Complainant submitted to respondent's plea for sexual intercourse because
of respondent's promise of marriage and not because of a desire for sexual
gratification or of voluntariness and mutual passion. Complainant gave birth
to a baby boy supported by a certified true copy of a birth certificate and to
show how intimate the relationship between the respondent and the
complainant was, the latter testified that she gave money to the respondent
whenever he asked from her.
The respondent denied all the material allegations of the complaint,
and as a special defense averred that the allegations therein do not
constitute grounds for disbarment or suspension under section 25, Rule 127
of the former Rules of Court.

ISSUE
Whether Atty. Puno should be disbarred or suspended.
HELD
YES. One of the requirements for all applicants for admission to the Bar
is that the applicant must produce before the Supreme Court satisfactory
evidence of good moral character (Section 2, Rule 138 of the Rules of Court).
It is essential during the continuance of the practice and the exercise of the
privilege to maintain good moral character. When his integrity is challenged
by evidence, it is not enough that he denies the charges against him; he must
meet the issue and overcome the evidence for the relator and show proofs
that he still maintains the highest degree of morality and integrity, which at
all times is expected of him. With respect to the special defense raised by the
respondent in his answer to the charges of the complainant that the
allegations in the complaint do not fall under any of the grounds for
disbarment or suspension of a member of the Bar as enumerated in section
25 of Rule 127 of the (old) Rules of Court, it is already a settled rule that the
statutory enumeration of the grounds for disbarment or suspension is not to
be taken as a limitation on the general power of courts to suspend or disbar a
lawyer. The inherent powers of the court over its officers cannot be restricted.
Times without number, our Supreme Court held that an attorney will be
removed not only for malpractice and dishonesty in his profession, but also
forgross misconduct, which shows him to be unfit for the office and unworthy
of the privileges which his license and the law confer upon him.
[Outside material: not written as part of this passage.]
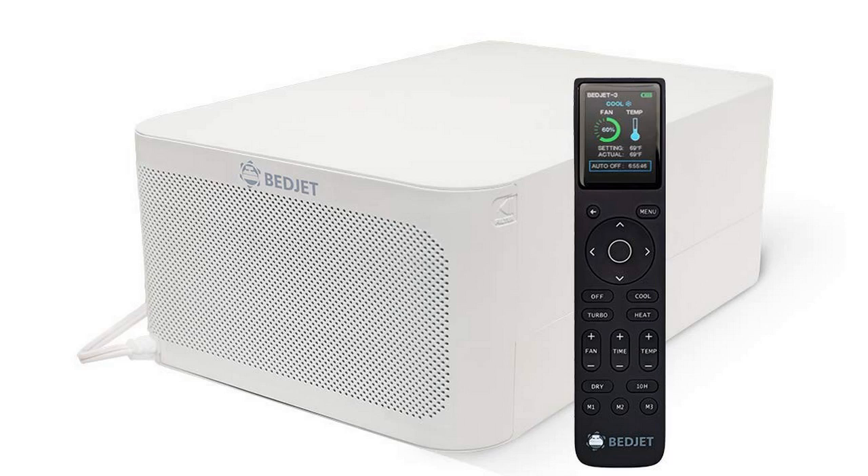Hey guys, how's it going? Today I want to do just kind of a quick review for you guys on the BedJet 3. I hadn't seen too many reviews on it, so I thought I'd just give you guys my two cents based on my experience. I actually found a pretty good deal on this — I'll put a link in the description below so you can check it out if you're interested in picking one up.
Section 27,
Rule 138 of the Rules of court states that:
A member of the bar may be removed or suspended from his office as
attorney by the Supreme Court for any deceit, malpractice, or other gross
misconduct in such office, grossly immoral conduct, or by reason of his
conviction of a crime involving moral turpitude, or for any violation of the
oath which he is required to take before admission to practice, or for a wilfully
disobedience of any lawful order of a superior court, or for corruptly or wilfully
appearing as an attorney for a party to a case without authority so to do. The
practice of soliciting cases at law for the purpose of gain, either personally or
through paid agents or brokers, constitutes malpractice.
The respondent has committed a grossly immoral act and has, thus
disregarded and violated the fundamental ethics of his profession. Indeed, it
is important that members of this ancient and learned profession of law must
conform themselves in accordance with the highest standards of morality. As
stated in paragraph 29 of the Canons of Judicial Ethics:
The lawyer should aid in guarding the bar against the admission to the
profession of candidates unfit or unqualified because deficient in either moral
character or education. He should strive at all times to uphold the honor and
to maintain the dignity of the profession and to improve not only the law but
the administration of justice.
Wherefore, respondent Armando Puno is hereby disbarred and, as a
consequence, his name is ordered stricken off from the Roll of Attorneys.